Evolution of spin excitations into the superconducting state in FeTe1-xSex

TL;DR

This study investigates the spin excitation spectrum in FeTe1-xSex compounds, revealing incommensurate excitations linked to superconductivity and suggesting a possible common magnetic origin with cuprates.

Contribution

It provides inelastic neutron scattering data showing the evolution of spin excitations into the superconducting state in FeTe1-xSex, highlighting similarities with cuprate superconductors.

Findings

Spin fluctuations are dominated by incommensurate excitations near (1/2,1/2).

Spin excitations extend to energies above 300 meV.

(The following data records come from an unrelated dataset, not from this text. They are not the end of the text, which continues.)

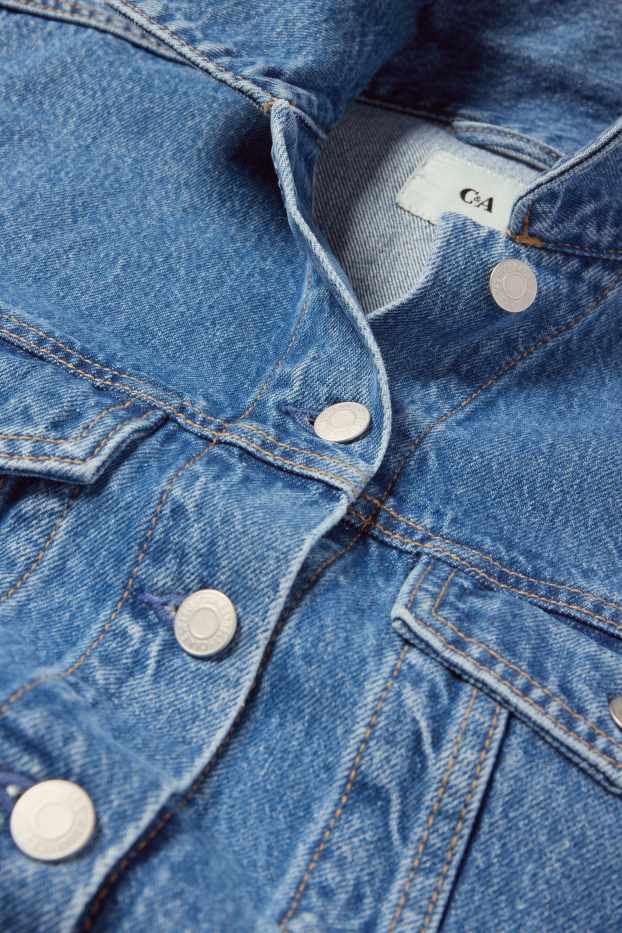 Femmes - Veste en jean - jean bleu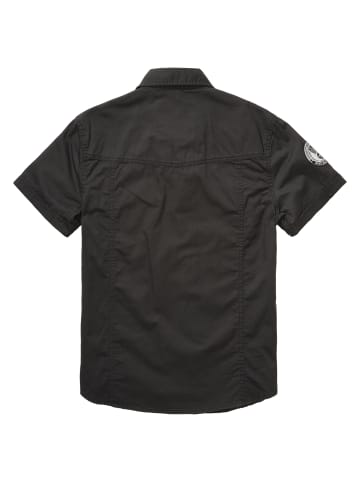 Brandit Short Sleeve Shirt in black
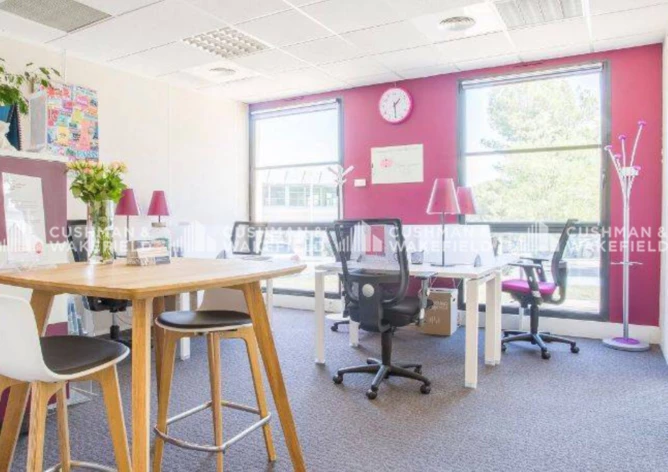Location bureaux privés Aix-en-Provence Cushman & Wakefield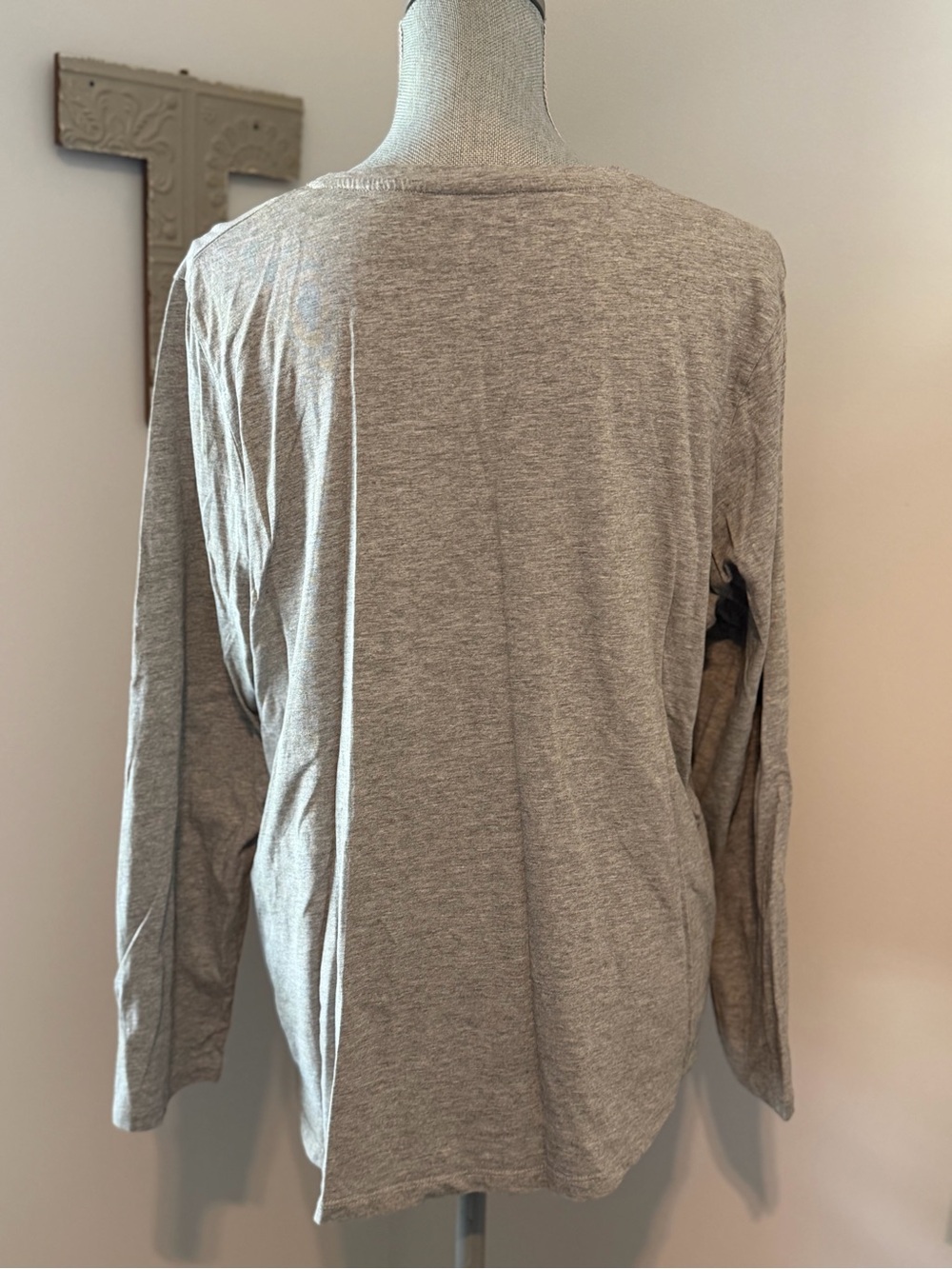 NORTHERN REFLECTIONS Vintage Inspired Long Sleeve Crew Neck T-Shirt Size XL - Picture 4 of 6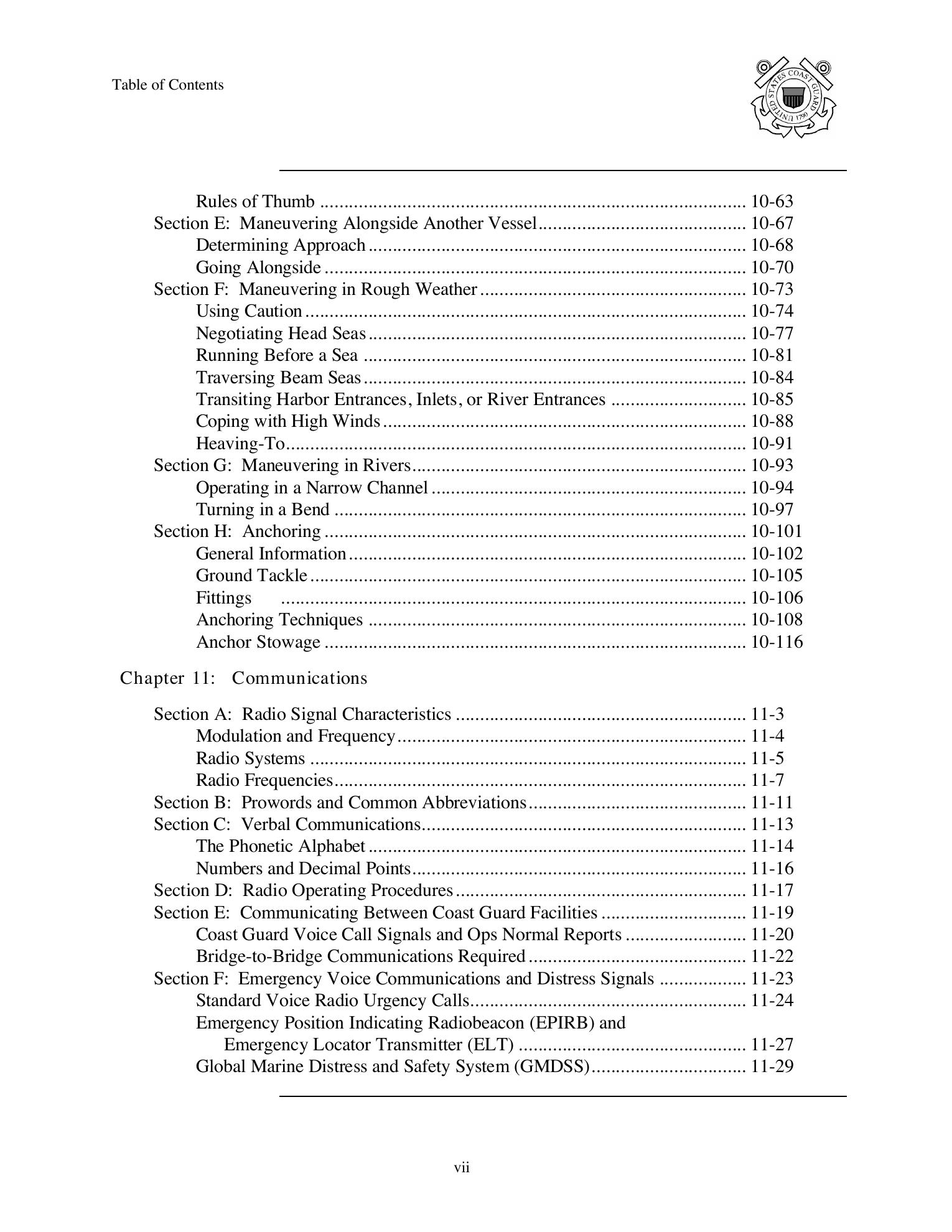 Boat Crew Seamanship Manual — страница 7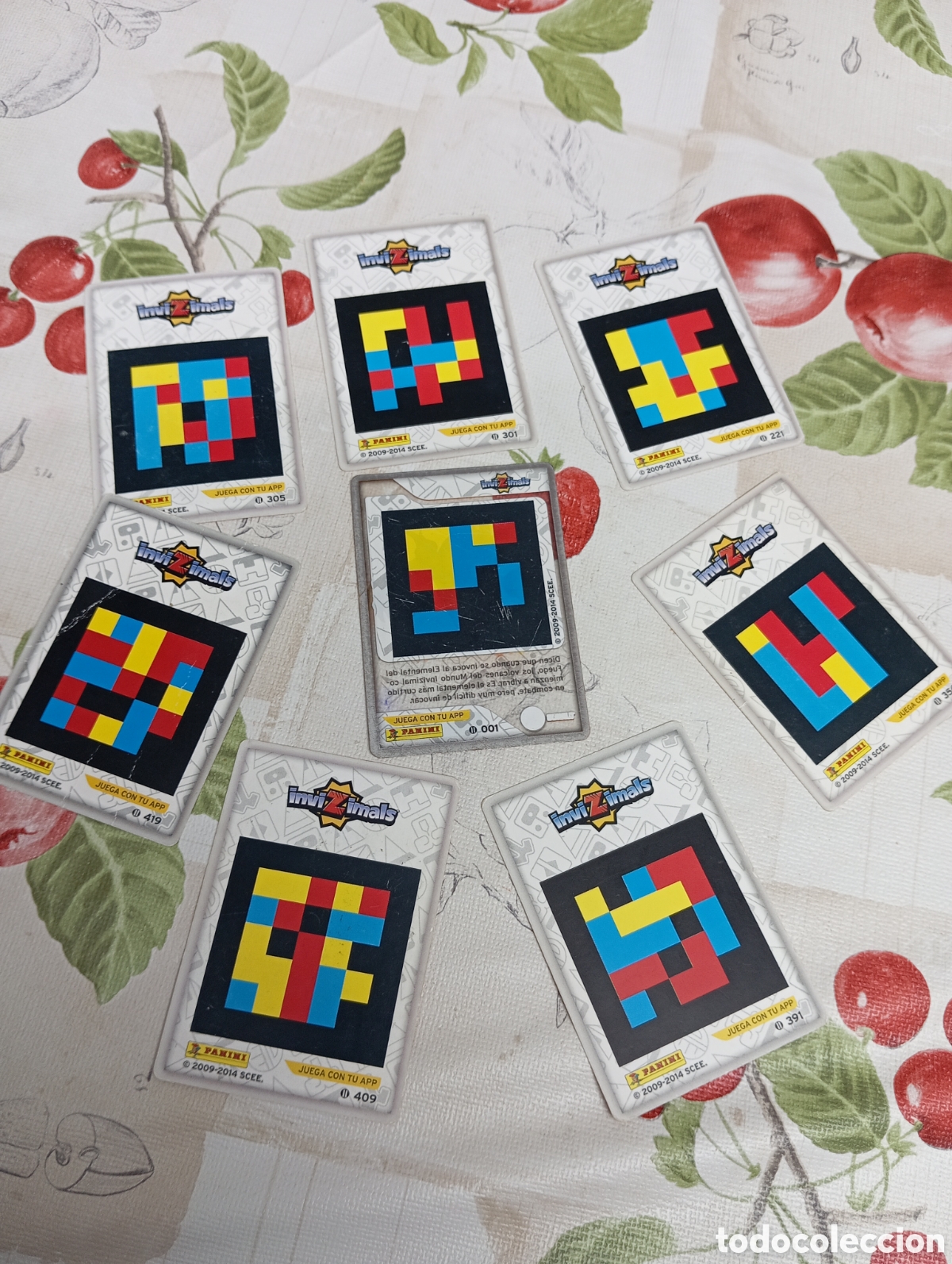 Trading cards: Lote cartas Invizimals 2014 - Foto 2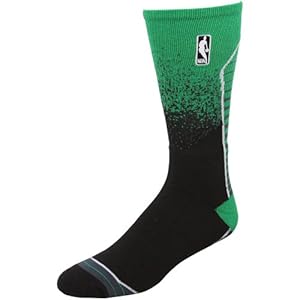 Nba All Star 2012 Mission Crew Sock - Green/Black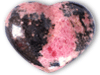 Rhodonite Heart 90g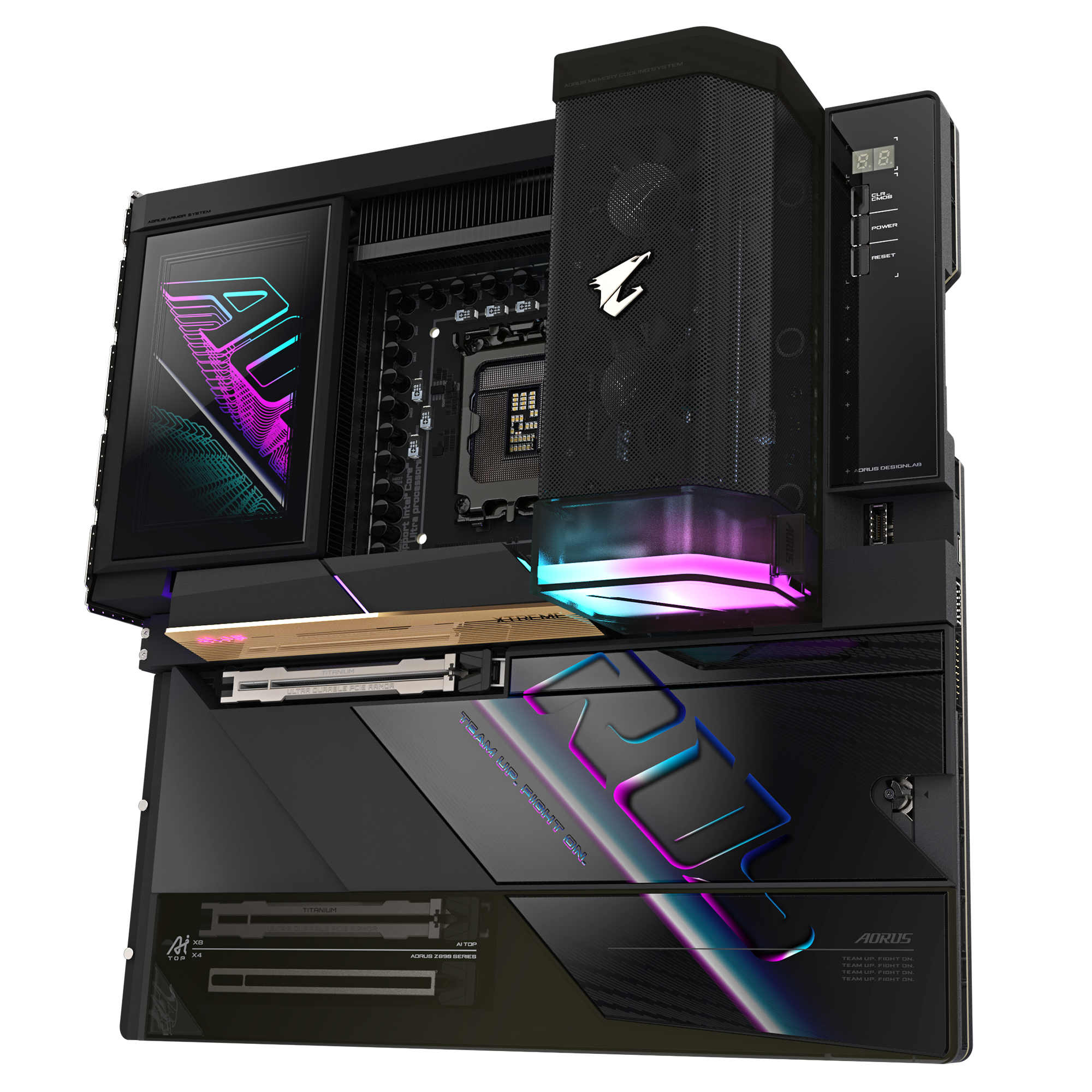 Z890 AORUS XTREME AI TOP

Magnetic excitations exhibit four-fold symmetry similar to cuprates.

Abstract

The nature of the superconducting state in the recently discovered Fe-based superconductors1-3 is the subject of intense scrutiny. Neutron scattering investigations have already elucidated a strong correlation between magnetism and superconductivity in the form of a spin resonance in the magnetic excitation spectrum4-7. A central unanswered question concerns the nature of the normal state spin fluctuations which may be responsible for the pairing mechanism. Here we show inelastic neutron scattering measurements of Fe1.04Te0.73Se0.27, not superconducting in bulk, and FeTe0.51Se0.49, a bulk superconductor. These measurements demonstrate that the spin fluctuation spectrum is dominated by two-dimensional incommensurate excitations near the (1/2,1/2) (square lattice (pi,0)) wavevector, the wavevector of interest in other Fe-based superconductors, that extend to energies at least as high as 300 meV. Most importantly, the spin excitations in Fe1+yTe1-xSex exhibit four-fold symmetry about the (1,0) (square lattice (pi,pi)) wavevector and are described by the identical wavevector as the normal state spin excitations in the high-TC cuprates8-12 demonstrating a commonality between the magnetism in these classes of materials which perhaps extends to a common origin for superconductivity.